Norway has developed the first wireless network at sea to tackle oil spills. The Maritime Broadband Radio is developed for use in maritime applications where digital high-speed reliable communication and data transfer are crucial for efficient and safe operations.

The system will be implemented on ships and aircrafts in public service and enables exchange if information that can be crucial in limiting damage when accidents occur. To improve offshore oil spill preparedness, Norway’s government and the oil industry are building an offshore broadband wireless network.
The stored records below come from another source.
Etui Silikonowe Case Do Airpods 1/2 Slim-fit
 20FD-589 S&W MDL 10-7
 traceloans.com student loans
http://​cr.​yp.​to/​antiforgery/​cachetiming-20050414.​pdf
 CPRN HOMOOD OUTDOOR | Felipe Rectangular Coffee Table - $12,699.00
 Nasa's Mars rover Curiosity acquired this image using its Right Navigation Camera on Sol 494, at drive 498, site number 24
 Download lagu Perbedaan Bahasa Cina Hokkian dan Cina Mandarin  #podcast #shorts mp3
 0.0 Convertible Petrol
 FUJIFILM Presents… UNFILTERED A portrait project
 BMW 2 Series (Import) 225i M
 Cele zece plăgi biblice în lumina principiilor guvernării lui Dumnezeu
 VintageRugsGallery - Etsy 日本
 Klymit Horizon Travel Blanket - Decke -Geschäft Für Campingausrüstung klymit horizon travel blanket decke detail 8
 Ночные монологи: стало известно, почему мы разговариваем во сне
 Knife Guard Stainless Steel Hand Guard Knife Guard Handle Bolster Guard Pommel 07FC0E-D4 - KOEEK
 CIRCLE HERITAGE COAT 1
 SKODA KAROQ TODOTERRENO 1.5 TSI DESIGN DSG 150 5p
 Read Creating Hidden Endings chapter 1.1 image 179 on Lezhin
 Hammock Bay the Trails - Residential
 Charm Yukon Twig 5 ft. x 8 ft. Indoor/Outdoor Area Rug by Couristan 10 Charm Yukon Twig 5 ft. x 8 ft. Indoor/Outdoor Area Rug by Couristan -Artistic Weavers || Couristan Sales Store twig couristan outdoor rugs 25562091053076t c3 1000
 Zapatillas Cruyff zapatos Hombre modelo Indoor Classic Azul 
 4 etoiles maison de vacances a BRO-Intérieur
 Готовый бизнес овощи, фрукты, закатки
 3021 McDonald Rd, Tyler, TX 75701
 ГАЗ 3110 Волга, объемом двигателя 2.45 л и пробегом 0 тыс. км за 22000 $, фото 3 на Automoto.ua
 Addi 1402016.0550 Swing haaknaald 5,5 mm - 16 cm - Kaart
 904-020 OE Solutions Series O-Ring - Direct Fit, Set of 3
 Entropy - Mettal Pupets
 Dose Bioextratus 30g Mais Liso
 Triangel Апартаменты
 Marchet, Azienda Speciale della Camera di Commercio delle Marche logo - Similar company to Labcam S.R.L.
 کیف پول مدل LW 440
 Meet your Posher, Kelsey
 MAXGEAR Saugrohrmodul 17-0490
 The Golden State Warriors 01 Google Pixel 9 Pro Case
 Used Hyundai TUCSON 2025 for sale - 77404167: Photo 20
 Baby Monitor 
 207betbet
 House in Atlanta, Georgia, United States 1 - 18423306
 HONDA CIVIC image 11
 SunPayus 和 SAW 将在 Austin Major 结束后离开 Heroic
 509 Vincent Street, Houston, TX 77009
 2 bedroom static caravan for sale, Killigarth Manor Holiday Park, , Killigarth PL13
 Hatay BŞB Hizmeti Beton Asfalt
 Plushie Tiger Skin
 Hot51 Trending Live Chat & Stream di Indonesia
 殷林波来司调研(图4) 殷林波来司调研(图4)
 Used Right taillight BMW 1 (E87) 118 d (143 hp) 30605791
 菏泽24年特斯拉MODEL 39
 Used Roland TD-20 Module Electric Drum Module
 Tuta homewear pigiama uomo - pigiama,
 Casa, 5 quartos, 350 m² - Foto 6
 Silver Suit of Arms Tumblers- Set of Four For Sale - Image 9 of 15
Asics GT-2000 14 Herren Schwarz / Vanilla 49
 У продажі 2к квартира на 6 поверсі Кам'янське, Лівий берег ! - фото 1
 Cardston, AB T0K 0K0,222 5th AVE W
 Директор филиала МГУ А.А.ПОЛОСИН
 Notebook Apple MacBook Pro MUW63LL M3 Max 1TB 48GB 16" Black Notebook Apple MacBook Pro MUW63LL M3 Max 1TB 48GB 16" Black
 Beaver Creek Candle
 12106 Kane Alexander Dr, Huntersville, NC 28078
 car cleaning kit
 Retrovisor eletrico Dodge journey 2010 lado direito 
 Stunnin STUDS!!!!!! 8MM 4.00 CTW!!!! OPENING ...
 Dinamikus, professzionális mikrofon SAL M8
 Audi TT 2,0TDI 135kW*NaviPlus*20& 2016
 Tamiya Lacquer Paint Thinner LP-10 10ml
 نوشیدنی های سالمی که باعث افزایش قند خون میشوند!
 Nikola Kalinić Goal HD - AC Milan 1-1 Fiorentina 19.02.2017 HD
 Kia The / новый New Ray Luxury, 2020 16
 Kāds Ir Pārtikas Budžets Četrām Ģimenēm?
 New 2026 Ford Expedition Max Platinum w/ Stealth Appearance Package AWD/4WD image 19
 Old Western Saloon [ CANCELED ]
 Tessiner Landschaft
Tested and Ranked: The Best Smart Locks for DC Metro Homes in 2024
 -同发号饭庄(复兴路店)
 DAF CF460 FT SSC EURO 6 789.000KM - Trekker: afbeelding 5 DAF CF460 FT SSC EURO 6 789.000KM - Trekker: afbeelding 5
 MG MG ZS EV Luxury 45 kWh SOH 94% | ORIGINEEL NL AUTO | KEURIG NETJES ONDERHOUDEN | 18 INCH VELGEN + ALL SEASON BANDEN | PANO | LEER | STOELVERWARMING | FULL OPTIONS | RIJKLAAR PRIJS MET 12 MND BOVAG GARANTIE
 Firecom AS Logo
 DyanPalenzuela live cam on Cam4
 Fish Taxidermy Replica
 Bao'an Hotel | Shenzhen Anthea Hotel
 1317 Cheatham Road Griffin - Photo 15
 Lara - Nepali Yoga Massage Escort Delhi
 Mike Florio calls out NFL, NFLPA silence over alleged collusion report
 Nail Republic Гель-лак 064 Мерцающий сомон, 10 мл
Norway’s Maritime "Information Highway"
Coastguard ship KV Bergen

The maritime “information highway, (MBR), connects crews and their vessels with a high-speed and high capacity digital communication channel with “fast track” priority options.

The two Norwegian companies Kongsberg Seatex and Radionor have teamed up to develop the MBR. In contrast to previous systems, MBR is highly stable and with extensive reach and enables streaming of HD-video.

According to the Norwegian Coastal Administration, the ability to exchange information quickly between ships, planes, and other actors can greatly limit the damage caused when oil spill occurs. The system can securely carry a diverse array of operational information, from real-time video to system data, and remotely situated teams can work together seamlessly, coordinating systems and activities for optimal performance, safety and operational success.

Norway’s Maritime "Information Highway"
MBR used for coast guard purposes

MBR does not require an Internet connection to connect units in the network, though it is possible to transfer data from the network using Internet.

The Norwegian Clean Seas Association for Operating Companies (NOFO) – made up of oil industry organizations – will install the MBR system on all their oil recovery vessels. MBR is already installed on the surveillance aircraft LN-KYV, a joint initiative between the Coastal Administration, NOFO and the Norwegian Coast Guard. Three onshore base stations have also been installed, to aid in communications with ships and planes.

Kjetil Aasebø, senior advisor in the Norwegian Coastal Administration

“This is a significant improvement that allows us to communicate with all units participating in an oil recovery mission, and share the data without an Internet connection. MBR allows us to respond faster with the right actions,” says Kjetil Aasebø, senior advisor in the Coastal Administration, in a statement.